Entries taken from a collection |
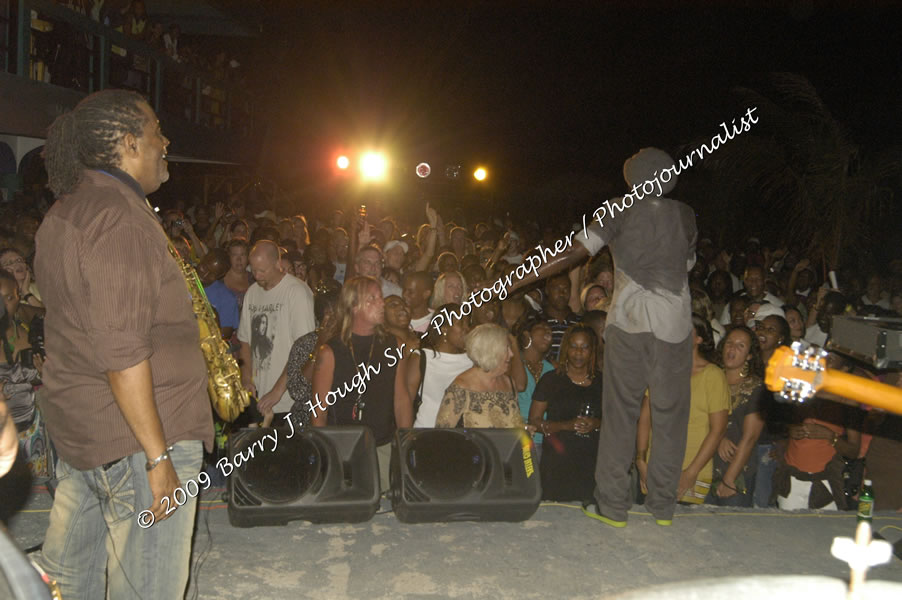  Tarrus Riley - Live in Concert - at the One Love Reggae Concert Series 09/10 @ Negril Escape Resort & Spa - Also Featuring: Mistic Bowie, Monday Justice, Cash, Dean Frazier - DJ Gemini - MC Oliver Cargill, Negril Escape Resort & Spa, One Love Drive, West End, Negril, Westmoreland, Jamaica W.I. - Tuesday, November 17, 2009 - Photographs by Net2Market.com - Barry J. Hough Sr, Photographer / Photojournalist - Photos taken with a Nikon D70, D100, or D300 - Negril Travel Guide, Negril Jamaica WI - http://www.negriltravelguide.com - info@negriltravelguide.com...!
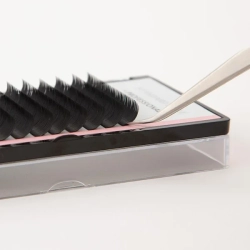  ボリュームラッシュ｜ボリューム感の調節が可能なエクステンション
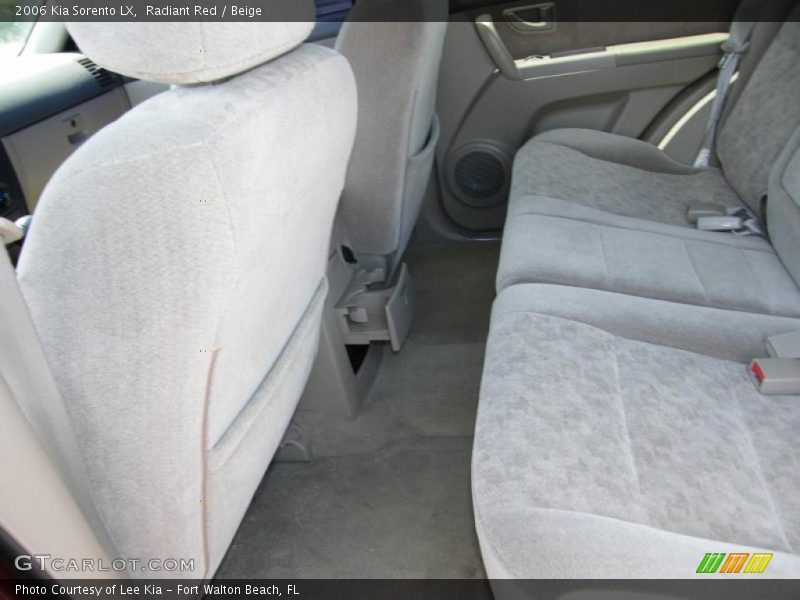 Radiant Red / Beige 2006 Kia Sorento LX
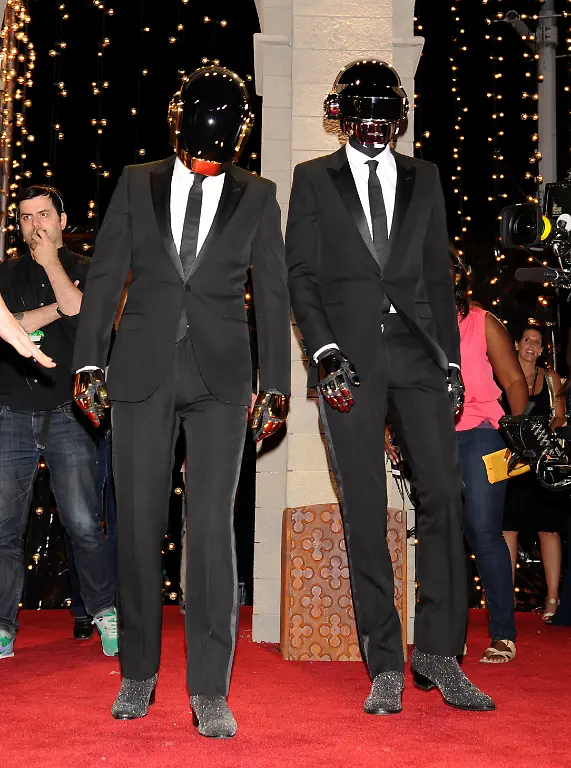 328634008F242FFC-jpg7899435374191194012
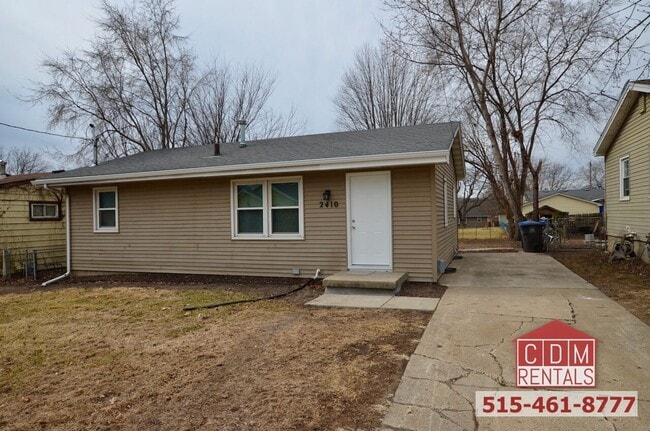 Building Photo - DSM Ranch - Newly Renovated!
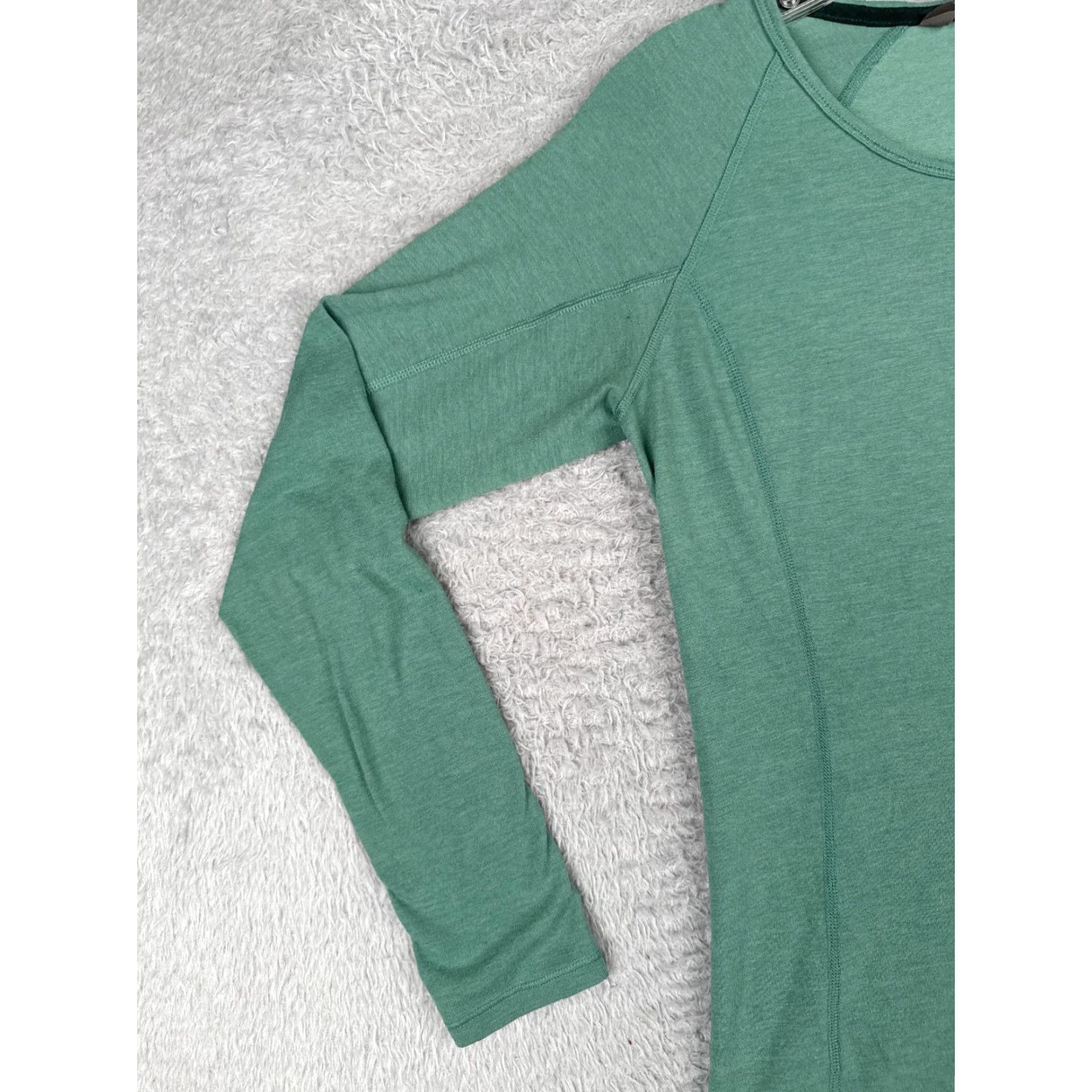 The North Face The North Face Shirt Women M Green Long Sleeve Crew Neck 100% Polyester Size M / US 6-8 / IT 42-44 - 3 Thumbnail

WHAT THE TASK ASKS |
All of the entries above are to be duplicated exactly, with every image left out.

SOLVED PROBLEM |
  Tarrus Riley - Live in Concert - at the One Love Reggae Concert Series 09/10 @ Negril Escape Resort & Spa - Also Featuring: Mistic Bowie, Monday Justice, Cash, Dean Frazier - DJ Gemini - MC Oliver Cargill, Negril Escape Resort & Spa, One Love Drive, West End, Negril, Westmoreland, Jamaica W.I. - Tuesday, November 17, 2009 - Photographs by Net2Market.com - Barry J. Hough Sr, Photographer / Photojournalist - Photos taken with a Nikon D70, D100, or D300 - Negril Travel Guide, Negril Jamaica WI - http://www.negriltravelguide.com - info@negriltravelguide.com...!
  ボリュームラッシュ｜ボリューム感の調節が可能なエクステンション
 Radiant Red / Beige 2006 Kia Sorento LX
 328634008F242FFC-jpg7899435374191194012
 Building Photo - DSM Ranch - Newly Renovated!
 The North Face The North Face Shirt Women M Green Long Sleeve Crew Neck 100% Polyester Size M / US 6-8 / IT 42-44 - 3 Thumbnail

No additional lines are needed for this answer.